WORK INSTRUCTIONS
With the pictures removed, please write out every line below exactly as given.

DATA PROVIDED

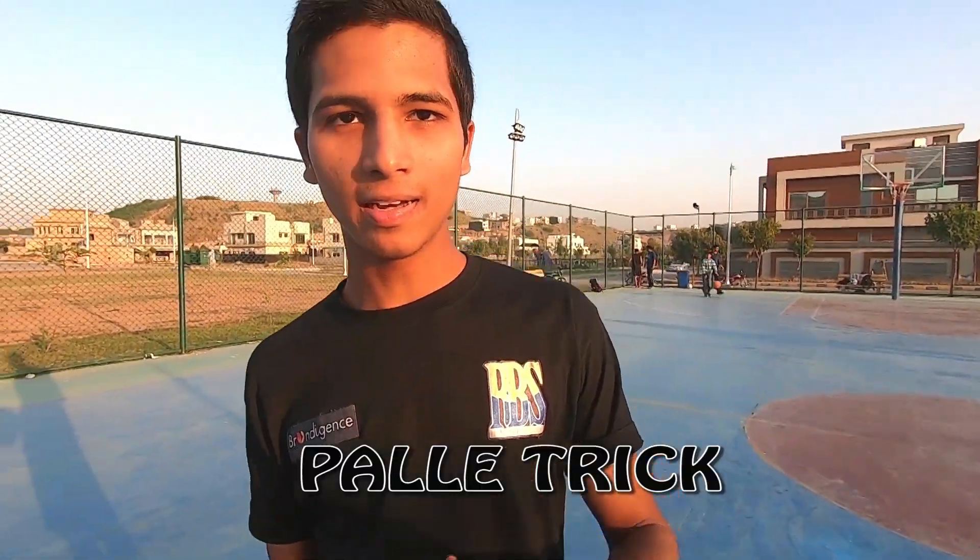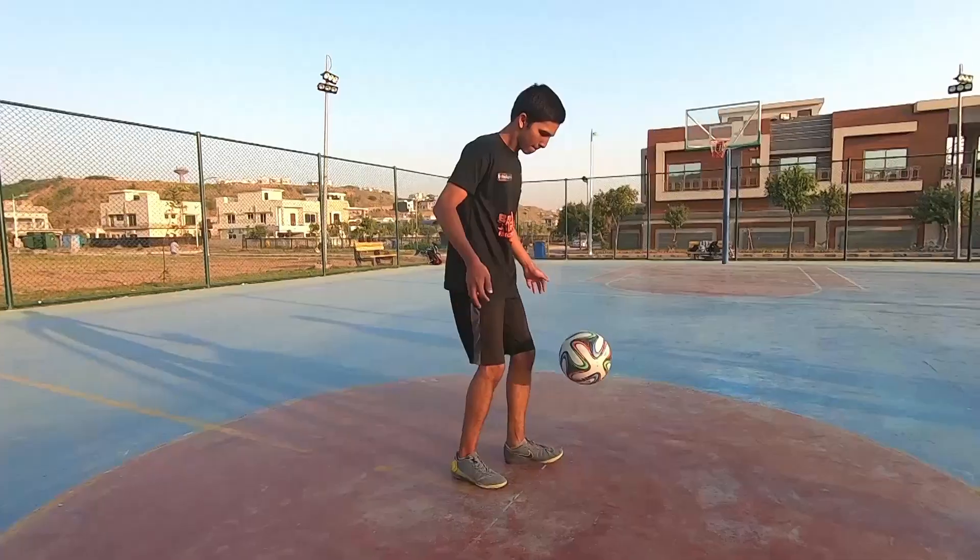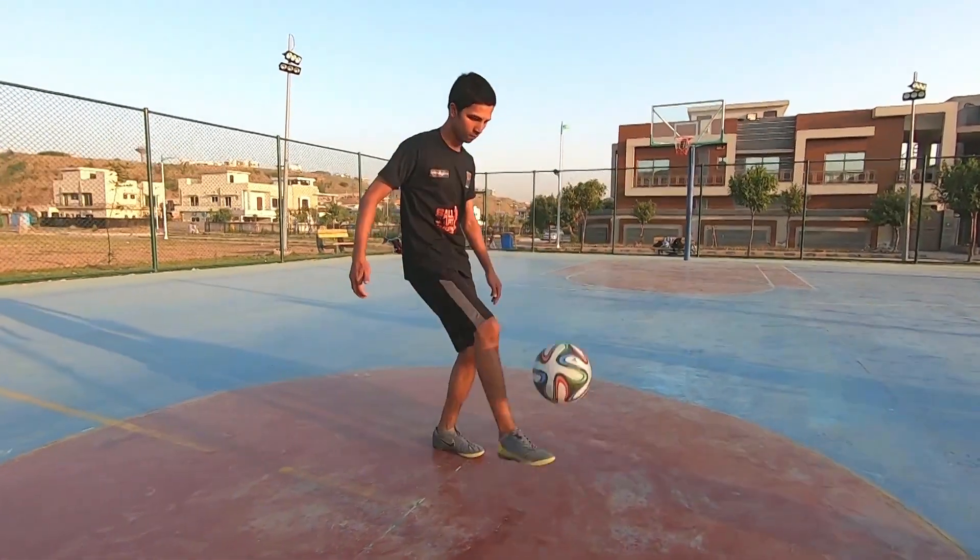This trick is called the Pallet Trick and it was created by a freestyle legend. It is a lower body freestyle trick, which is my favorite category. To learn this trick, you have to first learn Homi Tuzani, which is a two-revolution trick, and also an alternative trick — the alternative around the world.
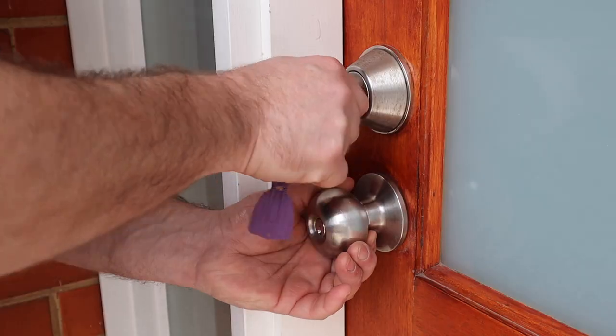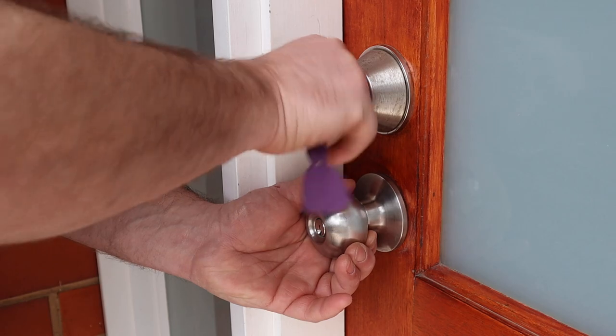G'day folks, RACV's Handy Andy back again with another tip around the home. Has this happened to you — stuck outside your home with no way of getting in? Here's a couple of tips from our locksmiths at Emergency Home Assist to ensure these unwanted incidents are few and far between.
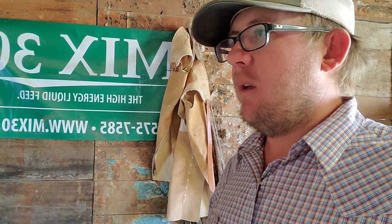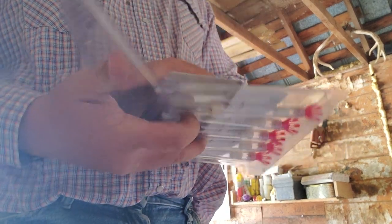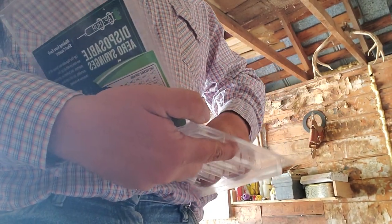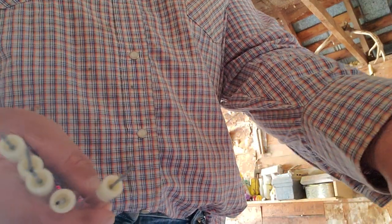The thing about these darts is you have to run a drug where the viscosity can't be very high in the material. If you run a drug through it that's got a very high viscosity — something that's really thick like a Resflor or a drug like that — it will not work very well.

EXPECTED ANSWER
This trick is called the Pallet Trick and it was created by a freestyle legend. It is a lower body freestyle trick, which is my favorite category. To learn this trick, you have to first learn Homi Tuzani, which is a two-revolution trick, and also an alternative trick — the alternative around the world.
G'day folks, RACV's Handy Andy back again with another tip around the home. Has this happened to you — stuck outside your home with no way of getting in? Here's a couple of tips from our locksmiths at Emergency Home Assist to ensure these unwanted incidents are few and far between.
The thing about these darts is you have to run a drug where the viscosity can't be very high in the material. If you run a drug through it that's got a very high viscosity — something that's really thick like a Resflor or a drug like that — it will not work very well.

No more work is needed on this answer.